*** SUPPLIED MATERIAL ***
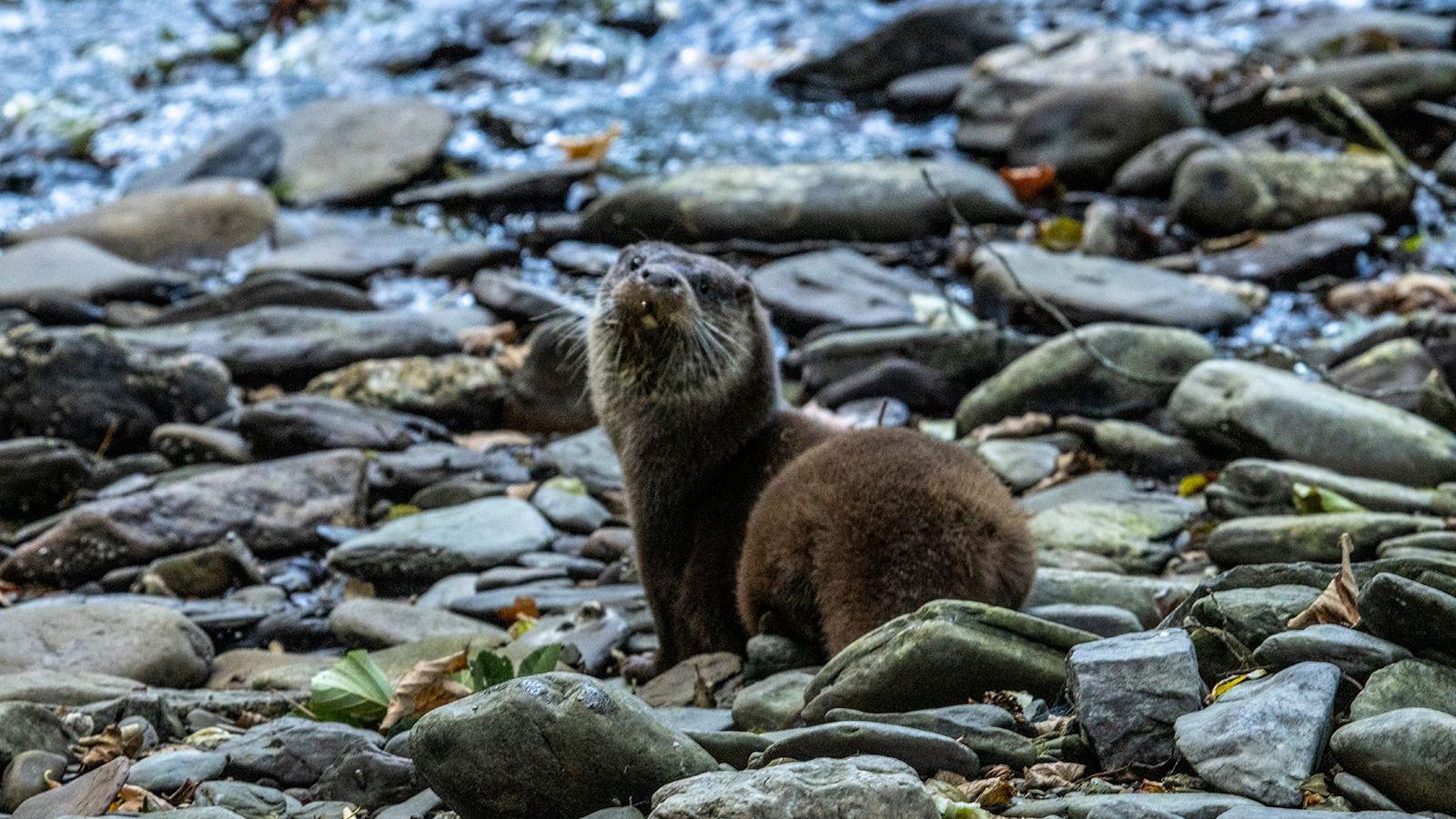 Devon otter charity plans to expand after donation of land - BBC News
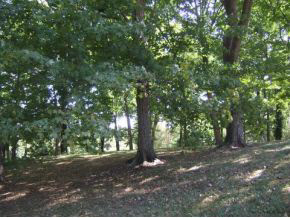 235 E Rhorer Rd, Bloomington, IN 47401 photo 4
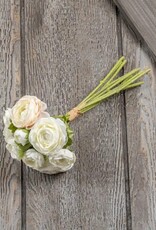 White & Cream Ranunculus Bundle 13.5"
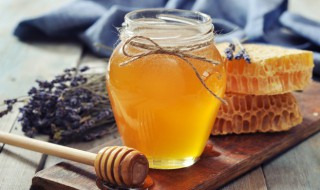 益母草蜂蜜的功效和作用 益母草蜂蜜是什么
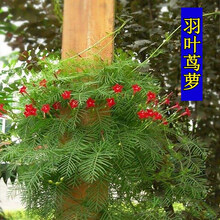 花萌萌 五角星花爬藤花卉种子羽叶茑萝攀爬花种子四季易种藤本花草植物花籽花种 羽叶茑萝种子 20粒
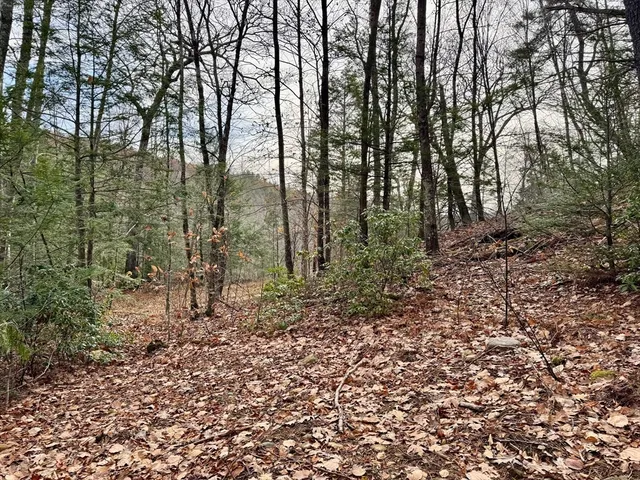 a view of a forest with trees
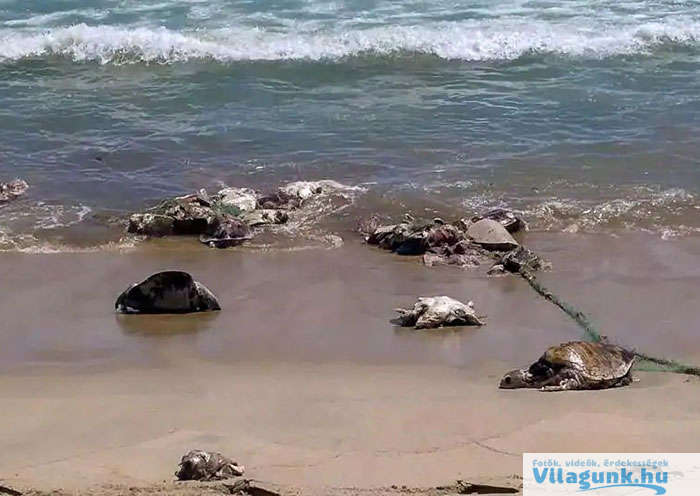 sea turtles conservation comeback 5b8fe923d3be1 700 Képeken a világ legnagyobb part-tisztító akciója. 20 év után még a teknősök is visszatértek.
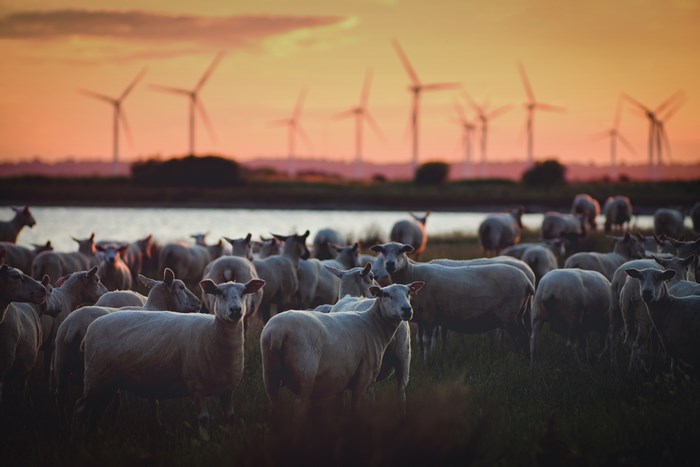 Sheep grazing near wind turbines at sunset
*** End of SUPPLIED MATERIAL ***
● THE TASK: Output every record above word for word, omitting any pictures they contain.

● RESPONSE:
 Devon otter charity plans to expand after donation of land - BBC News
 235 E Rhorer Rd, Bloomington, IN 47401 photo 4
 White & Cream Ranunculus Bundle 13.5"
 益母草蜂蜜的功效和作用 益母草蜂蜜是什么
 花萌萌 五角星花爬藤花卉种子羽叶茑萝攀爬花种子四季易种藤本花草植物花籽花种 羽叶茑萝种子 20粒
 a view of a forest with trees
 sea turtles conservation comeback 5b8fe923d3be1 700 Képeken a világ legnagyobb part-tisztító akciója. 20 év után még a teknősök is visszatértek.
 Sheep grazing near wind turbines at sunset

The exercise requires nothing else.